Fornendo tre punti di vista diversi che mutano durante tutto l’arco temporale del romanzo. Appena si conoscono, ancora ventenni, Davide rappresenta l’anello debole del trio, il timido e perenne insicuro. Oscar invece è l’affascinante pianista carismatico, immune da ogni frecciatina lanciatagli dalla cupa e introspettiva Sofia. Sono tre caratteri all’apparenza incompatibili, ma destinati a incastrarsi come pezzi di un puzzle. Nella seconda parte del romanzo queste personalità sono profondamente cambiate e, inoltre, viene introdotta una quarta prospettiva: Diamante. Il ragazzo è la visione cinica e disillusa, il punto di vista più contemporaneo.
Nel libro è affrontata la tematica dell’omofobia. In che modo tocchi la questione?
Davide vive la sua omosessualità come una condanna. Un “difetto” da comprimere e oscurare anche se non è mai stato vittima di bullismo o violenze. Invece Oscar ha reso la sua omosessualità il suo punto di forza.
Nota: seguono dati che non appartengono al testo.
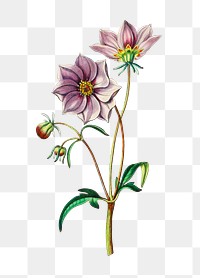 Blooming purple dahlia png hand drawn botanical illustration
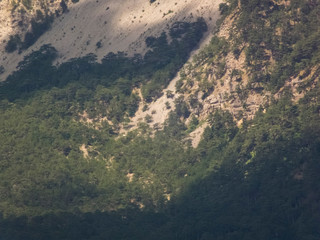 mountains summer sunny day, rest in the mountains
Vengono da due famiglie profondamente diverse, i genitori di Davide rispecchiano una borghesia tipica di quegli anni, fatta di reciproca invisibilità, mentre il padre di Oscar – in quanto musicista – si preoccupa solo della sua formazione artistica. Eppure, paradossalmente, la figura all’apparenza più omofoba di tutto il romanzo è Diamante. Il ragazzo non perde occasione per schernire e insultare Davide, anche se scopriremo che quest’astio ha ben poco a che vedere con il suo orientamento sessuale.
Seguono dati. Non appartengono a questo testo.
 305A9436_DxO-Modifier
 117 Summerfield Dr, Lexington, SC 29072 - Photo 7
Passando all’attualità: langue da tempo una legge contro l’omo-transfobia. Come vedi il futuro della nostra comunità da qui ai prossimi anni?
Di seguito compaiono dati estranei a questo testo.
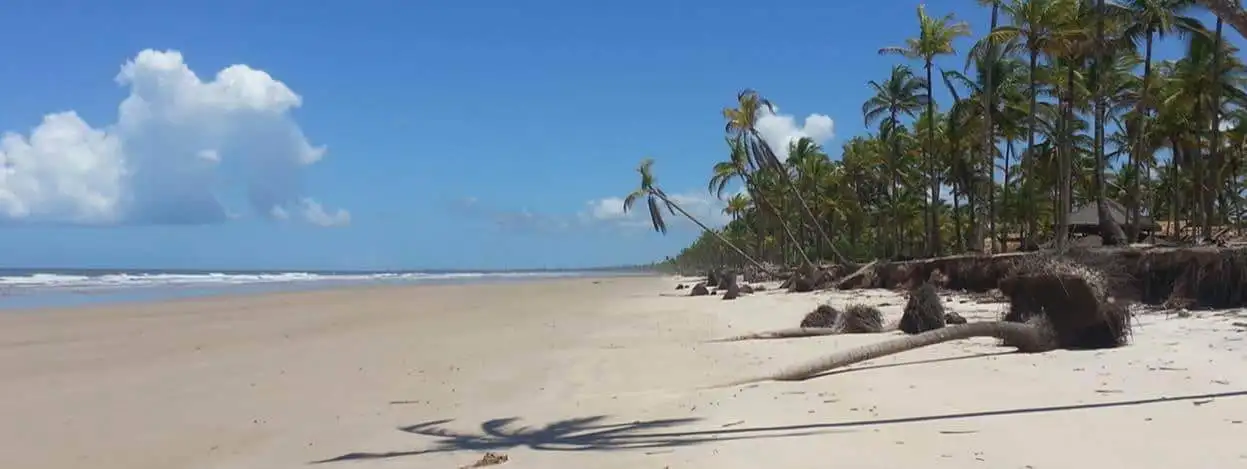 Beach with palm trees and clear skies in Canavieiras, Bahia, Brazil.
Penso che stiamo facendo progressi, la mia visione resta positiva. Proprio quest’estate ho assistito ad un’unione civile a Fermo, una cittadina di 35.000 abitanti che ha accolto l’evento con entusiasmo e calore. Ho percepito rispetto e sincera partecipazione non solo dai familiari degli sposi ma anche da moltissime persone della città. Certo, c’è ancora molto su cui lavorare, sia a livello di mentalità sia legislativo e non tutte le aree d’Italia possono vantare di tali aperture. Bologna, da questo punto di vista, ha molto da insegnare ed è anche per questo motivo che ho deciso di ambientare gran parte del romanzo nella città che amo più di ogni altra.
A chi è rivolto il tuo romanzo? E quale messaggio vuoi trasmettere a lettori e lettrici?
Per anni ho vissuto in prima persona il problema degli attacchi di panico. Non si tratta solo di una mano che trema all’improvviso, del fiato corto o di una bocca che balbetta. È una vera e propria malattia debilitante che può colpire adulti e ragazzi. La depressione, la mancanza di stimoli, l’ansia da competizione perenne, le incomprensioni sociali, l’incapacità di assumersi delle responsabilità sono altri temi che affrontano i protagonisti. Non tutti ci riescono e ognuno si affida a mezzi diversi, ma quello che vorrei far capire al lettore è che ogni situazione, anche la più ostica e pericolosa, può regalare scorci di luce se si riesce a dare un nome alle proprie paure.